Get to know your new community: Join Facebook groups for your new duty station, and ask questions! These people are already there and can refer you to places you might need, answer your questions, and help you find a friend or two before you even arrive.
AT YOUR NEW DUTY STATION
Set up a routine: I know – why set up a routine when your situation is temporary? Because it will help you adjust to your new location and job. It will establish normalcy for your entire family and keep you on track to continue your routine (even if it changes a bit) once you are settled in your home.
Be transparent with your employer: He or she probably knows that you are a military spouse and new to the area, but make sure to communicate with them about your in-processing to the area. By establishing this early on, they will not be surprised by your requests for time off for movers or appointments; they will also appreciate your open communication in the future.
Ask for help: Take advantage of resources and the community around you.

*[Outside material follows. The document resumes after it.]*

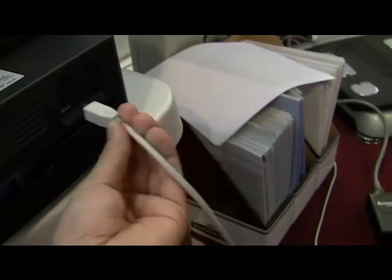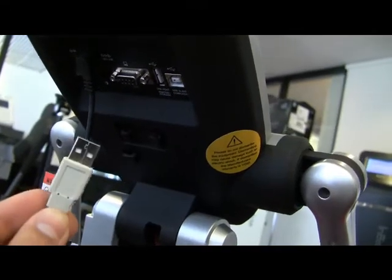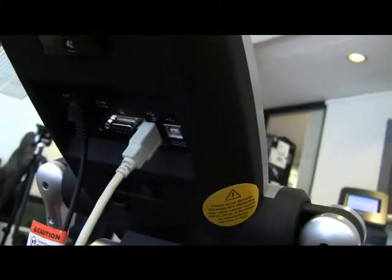If using a printer, load the result sheets into the printer and plug in the USB cord as shown. Make sure the USB cord is plugged in firmly. Turn on the power.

Military OneSource offers information on childcare programs and reduced-fee programs for all military families here. Head over to your Family Readiness Center (or equivalent center on your installation) to find local resources to help you transition to your area. Finally, reach out to your new neighbors or friends for support, and do not let your pride get in the way of accepting that help. Everyone is new to a duty station at one point, and everyone needs a hand. You can pay it forward to another new family someday.
My last piece of advice–as a longtime military spouse, frequent PCSer, and job seeker–is to give yourself some grace.
There will be days where your schedule is completely off. You will forget things. Some days will be long and chaotic, and balancing everyone’s schedules and duties on top of your new job will be tough. But just as the military has an in-processing time for your service member, you should give yourself one and know that life is not going to be perfect. Give yourself some grace and patience and soon enough, you will be back into the swing of things. If you find things particularly challenging, talk to your employer or to a mental health professional to take care of you, too.
You CAN handle it all. With planning and patience, you can continue to pursue your own career goals and support your family as you transition into your new duty station and home. Hopefully, these tips will provide you with a bit of guidance to get your started!